Auf dem republikanischen Nominierungsparteitag in Florida will Mitt Romney seine menschlichen Seiten zeigen – und stößt selbst bei seinen eigenen Parteifreunden auf erschreckende Distanz.

Stadtentwicklung & Infrastruktur: Andreas Geldner (age)

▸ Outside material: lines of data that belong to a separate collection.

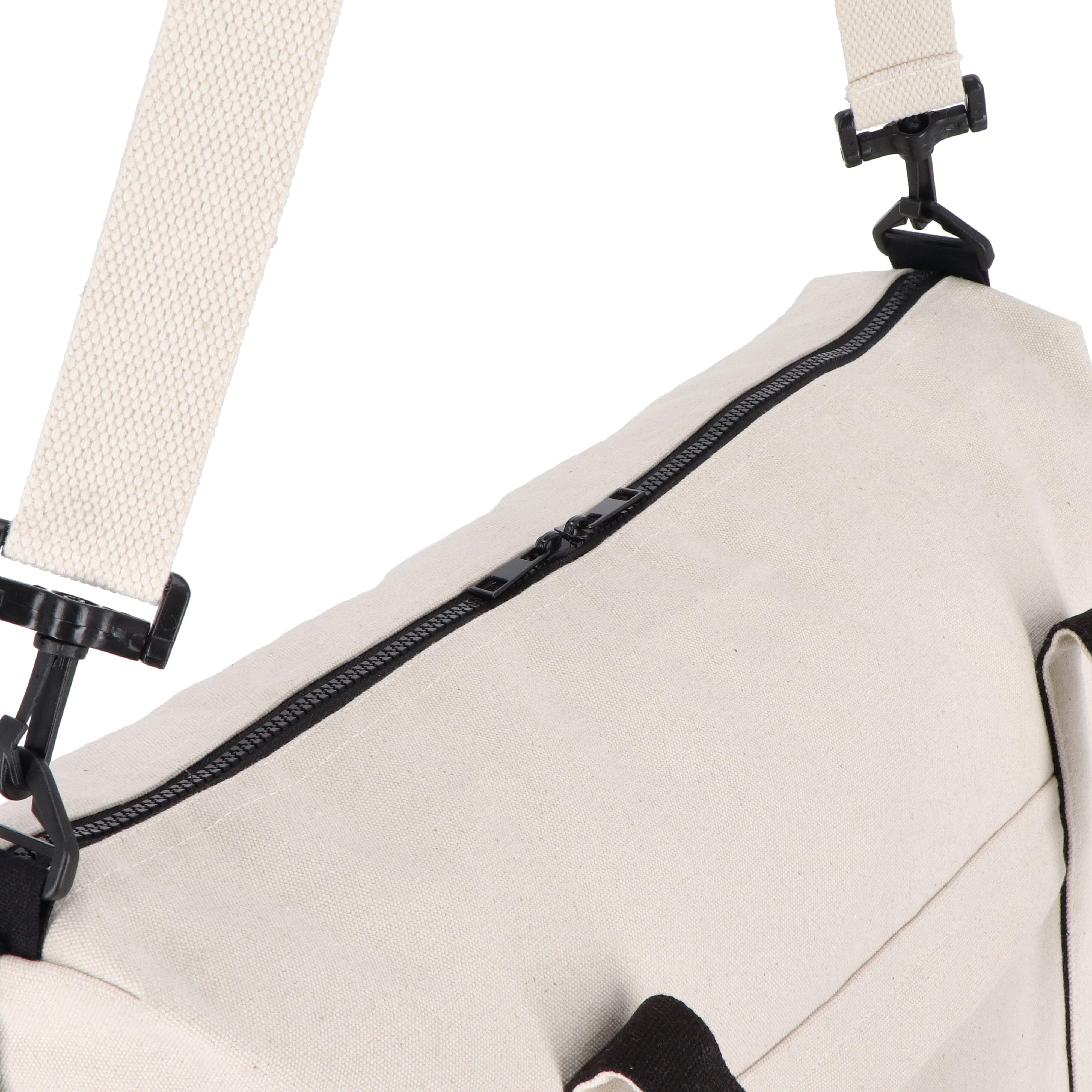 InSideOut Reuuz Canvas Reisetasche 32 x 60 x 20 cm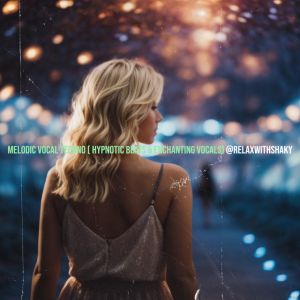 Melodic Vocal Techno ( Hypnotic Beats & Enchanting Vocals)
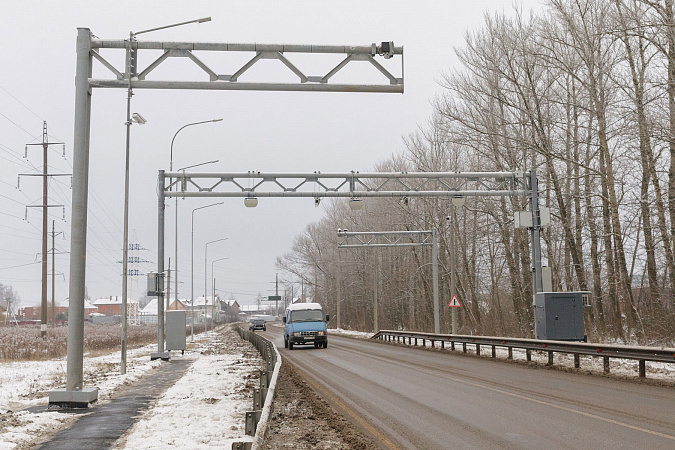   Видеофиксации АПВГК станет больше на дорогах Тульской области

Tampa - Die Dekorateure des „Tampa Bay Times Forum“ haben tief ins Romney’sche Familienalbum gegriffen. Rechts und links der Zugänge zur Arena sind große Fotos von Mitt Romney gepflastert. Ein lachender, windzerzauster Romney Hand in Hand mit seiner Frau; Mitt, der einem Kind zärtlich die Hand hält; Mitt in Fabrikhallen und am Küchentisch – immer locker, die Ärmel hochgekrempelt. Eines muss man der Kampagne des republikanischen Präsidentschaftskandidaten lassen – sie ist bestens durchgeplant. Die Hausaufgabe heute: den Menschen Mitt Romney in den Mittelpunkt rücken, den viele Amerikaner bisher nur als erfolgreichen, etwas unnahbaren Manager kennen.

 

Einen ganzen Abend lang geht es nicht in erster Linie um Politik, sondern um Gefühle. „Er hat für ältere Menschen Schnee geschaufelt“, berichtet ein Geschäftsfreund, der ihn aus der Zeit als Bischof der mormonischen Gemeinde in Boston kennt. Ein ehemaliges Gemeindemitglied erzählt die Geschichte von der Krebserkrankung ihres damals 14-jährigen Sohnes. „Mitt hat unseren Sohn im Krankenhaus besucht“, berichtet die Mutter: „Er hat ihm geholfen, sein Testament zu schreiben.“

Die Hollywoodlegende Clint Eastwood interviewt als Überraschungsgast auf einem leeren Stuhl etwas nuschelig einen imaginären Barack Obama. „Regierende sind unsere Angestellten“, sagt er: „Wenn sie ihren Job nicht machen, dann müssen sie gehen.“ Der Saal tobt. Romney selbst, der sich händeschüttelnd durch die Arena aufs Podium vorarbeitet, hat von den Redenschreibern für seinen Auftritt viel Lyrik ins Manuskript geträufelt bekommen. „Alle Gesetze und alle Gesetzgebung der Welt werden diese Welt niemals so heilen wie die liebenden Herzen und Arme von Müttern und Vätern“, lautet so ein Satz.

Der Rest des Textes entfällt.